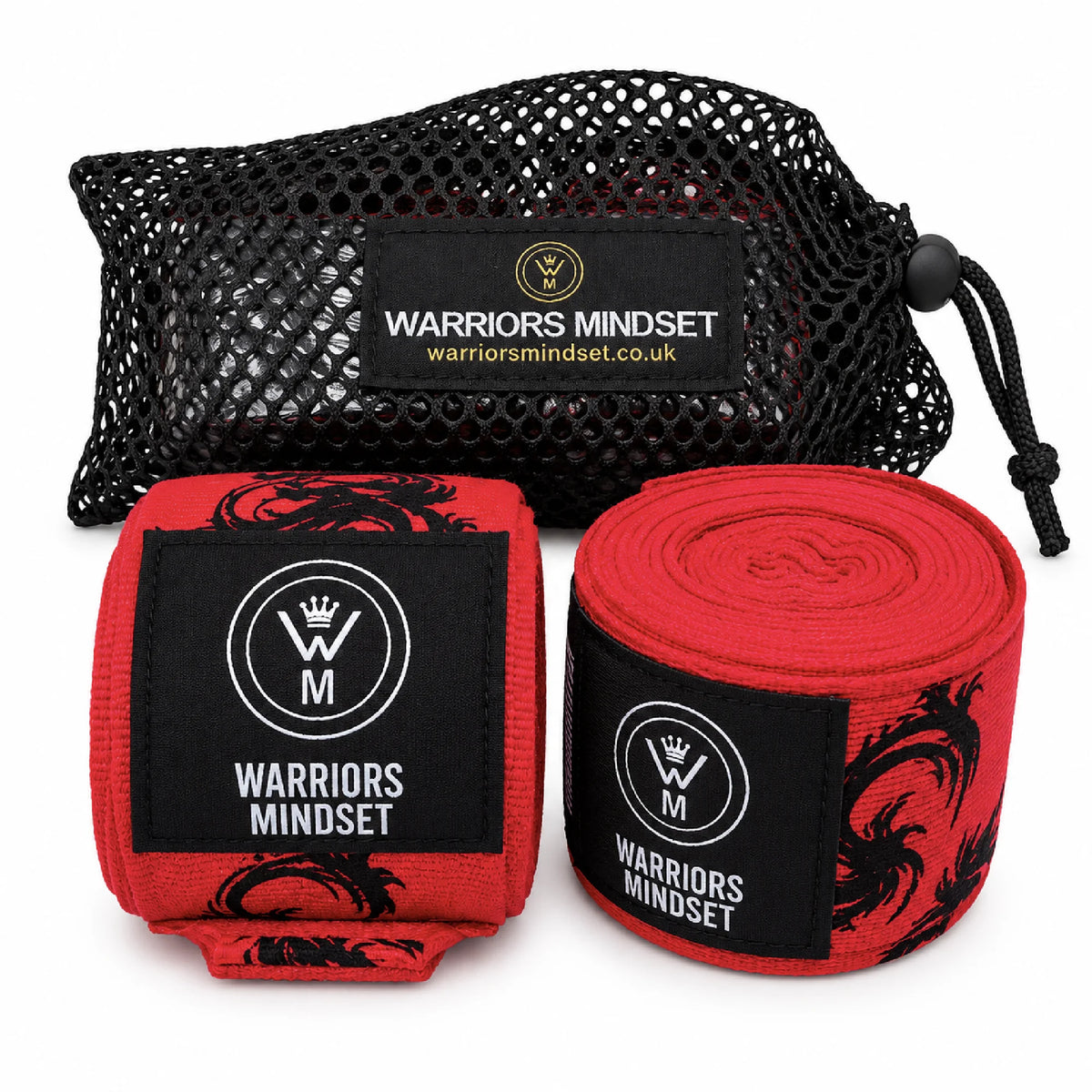 5M Boxing Hand Wraps with Mesh Wash Bag – Dragon Edition | Warriors Mindset
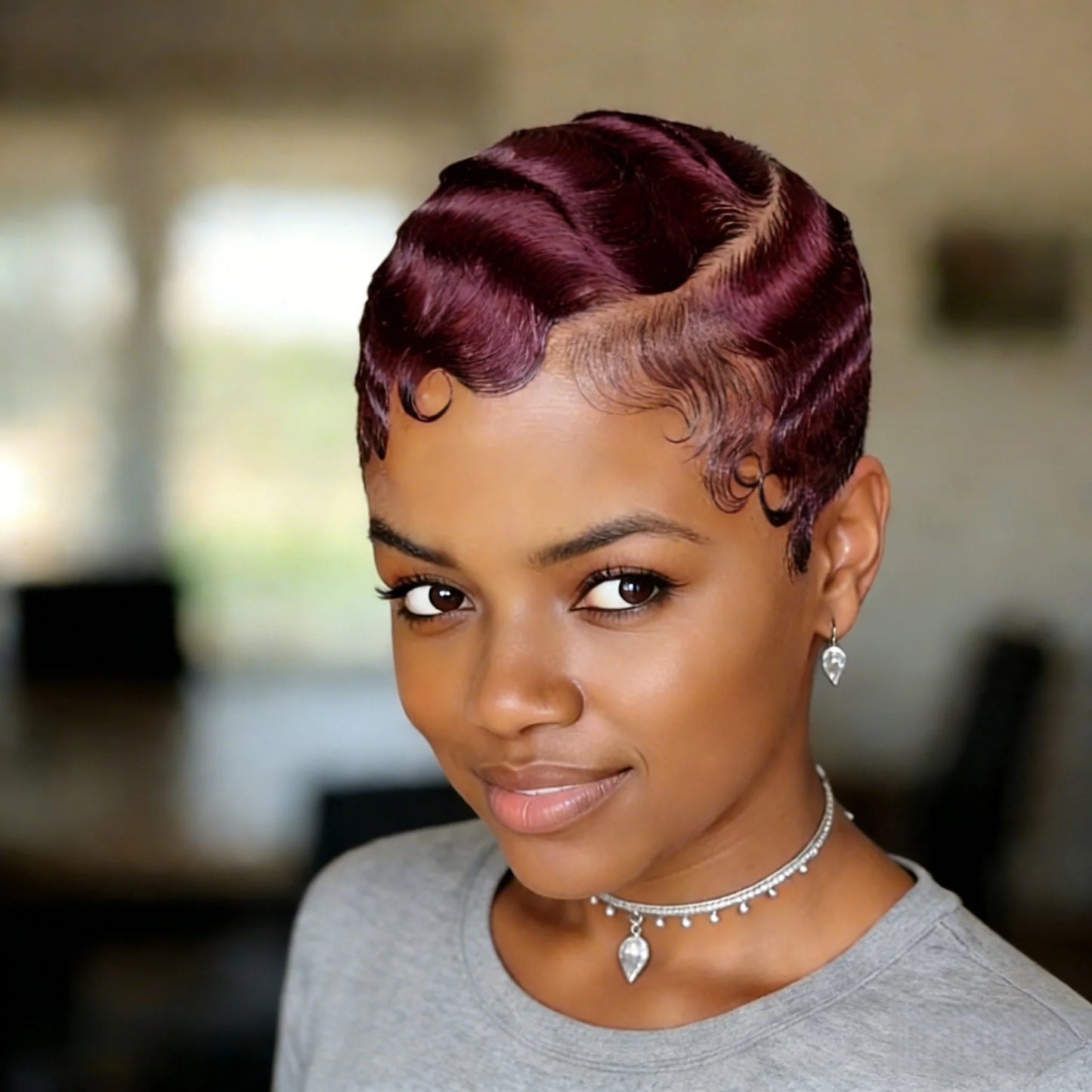 Short Pixie Cut Human Hair Wig with Finger Wave Texture 99j 4 black 13x4 Transparent Lace Front Pre-Plucked Hairline  Wig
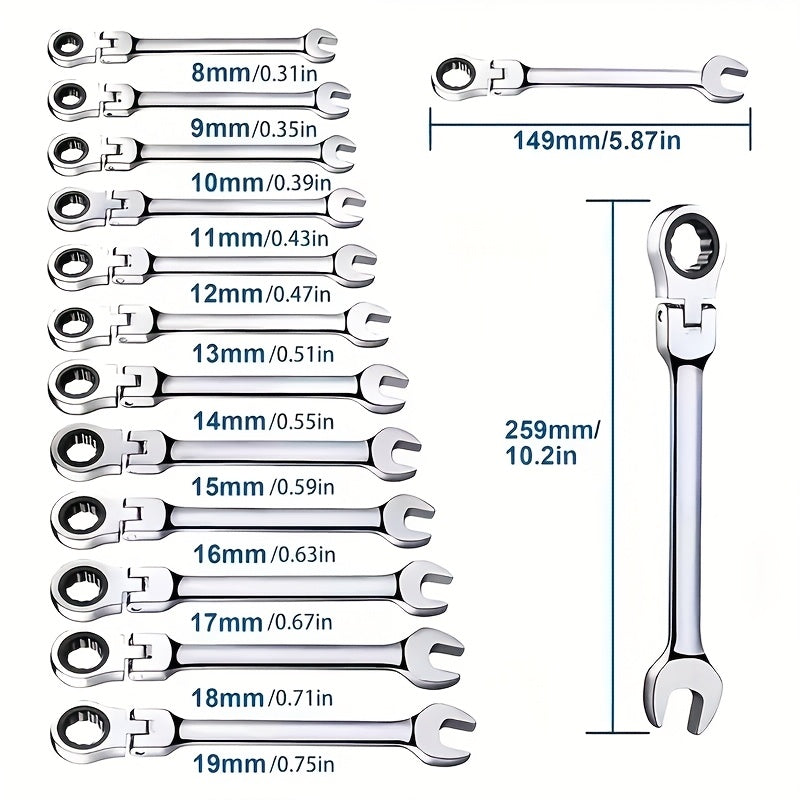 12/16pcs Double-ended Flexible Ratchet Wrench Set, Quick Wrench Set, Metric, 8-19/6-22 Mm, 72 Teeth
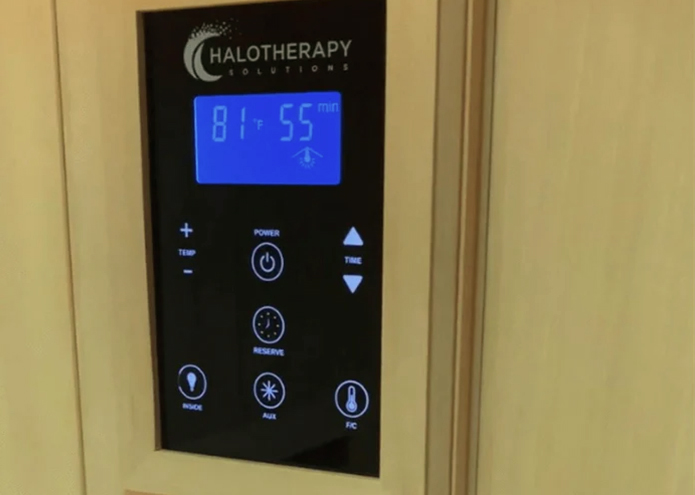 Sauna panel control on wall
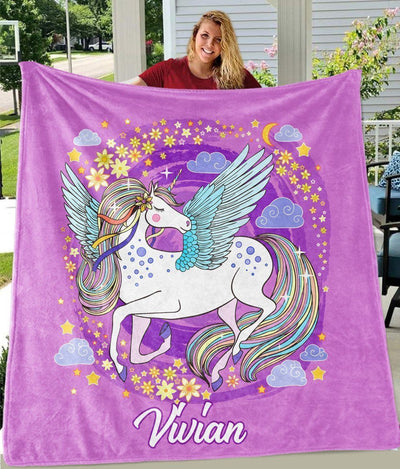 Gift For Kids Magical Unicorn Cozy Plush Custom Name Fleece Blanket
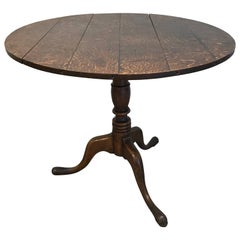 19th Century English Oak Tilt-Top Table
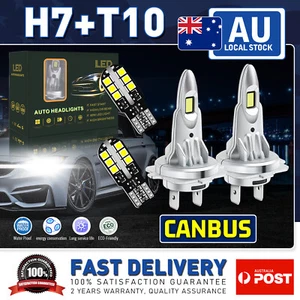 For HOLDEN CAPTIVA 2012 H7+T10 LED Headlight Globes Kit H/LBeam 1:1 6500k - Picture 1 of 22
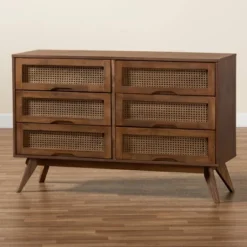 Barrett Wood And Synthetic Rattan 6 Drawer Dresser Walnut Brown - Baxton Studio -Baxton Studio GUEST fe7b73cc 5fd7 4aec 9d62 90a1c209c614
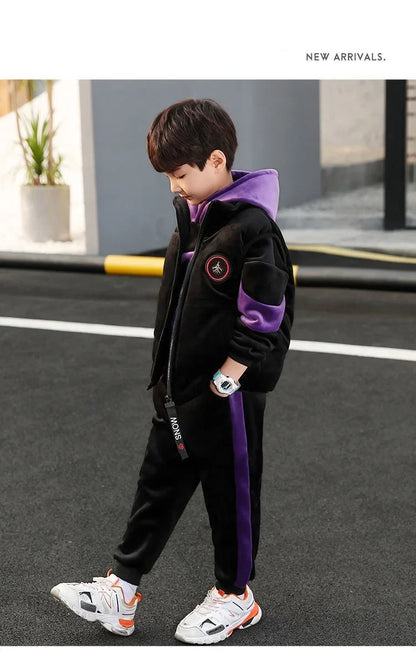 Winter Boys Warm Fleece Lined Zip Waistcoat+Sweatshirt+Sweatpant Sets School Kids 3PCS Tracksuit Children Workout Outfit 5-14Yrs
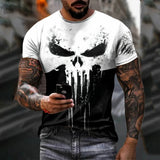 Men T Shirt 3d Print Military Patriotic Skull O-Neck T Shirt Oversized Short-Sleeved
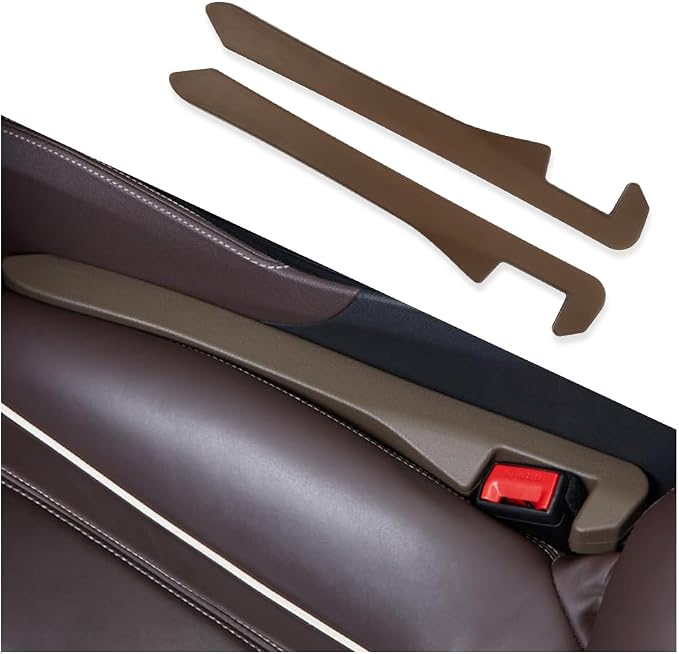 IHOTDER Car Seat Gap Filler,Super Flexible Car Side Seat Gap Filler Car Accessories for Women & Men,Universal CCar Organizer Between Seats for Tightly Filling Seat Gaps(Brown/2PCS) by IHOTDER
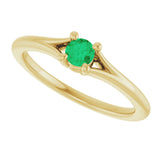 14K Yellow Natural Emerald Youth Solitaire Ring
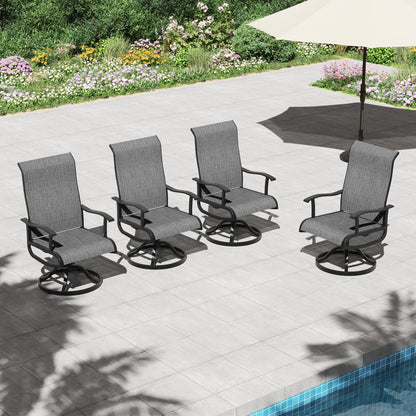Pizzello Patio Swivel Dining Chairs, All Weather Outdoor Textilene Chair High Back Outdoor Swivel Rocker Set#size_set-of-4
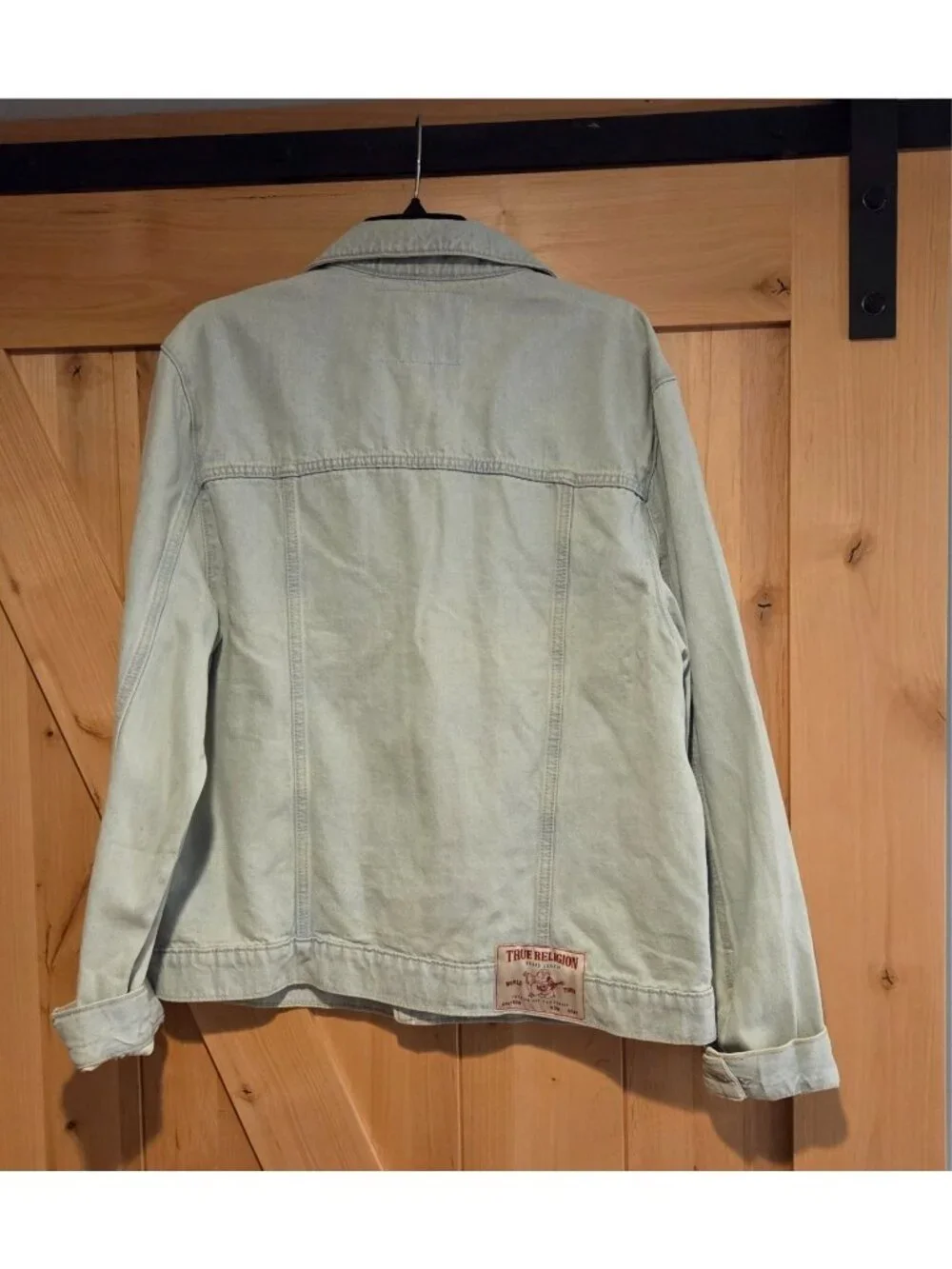 New! True Religion Trucker Jacket Mens Size L Jesse SN Light Wash Denim Cotton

- - - - - - -

Exercise description: Pictures are to be omitted. Print exactly the lines from the line containing "Men T Shirt" through the final line of the material above, both included.

Solved problem:
 Men T Shirt 3d Print Military Patriotic Skull O-Neck T Shirt Oversized Short-Sleeved
 IHOTDER Car Seat Gap Filler,Super Flexible Car Side Seat Gap Filler Car Accessories for Women & Men,Universal CCar Organizer Between Seats for Tightly Filling Seat Gaps(Brown/2PCS) by IHOTDER
 14K Yellow Natural Emerald Youth Solitaire Ring
Pizzello Patio Swivel Dining Chairs, All Weather Outdoor Textilene Chair High Back Outdoor Swivel Rocker Set#size_set-of-4
 New! True Religion Trucker Jacket Mens Size L Jesse SN Light Wash Denim Cotton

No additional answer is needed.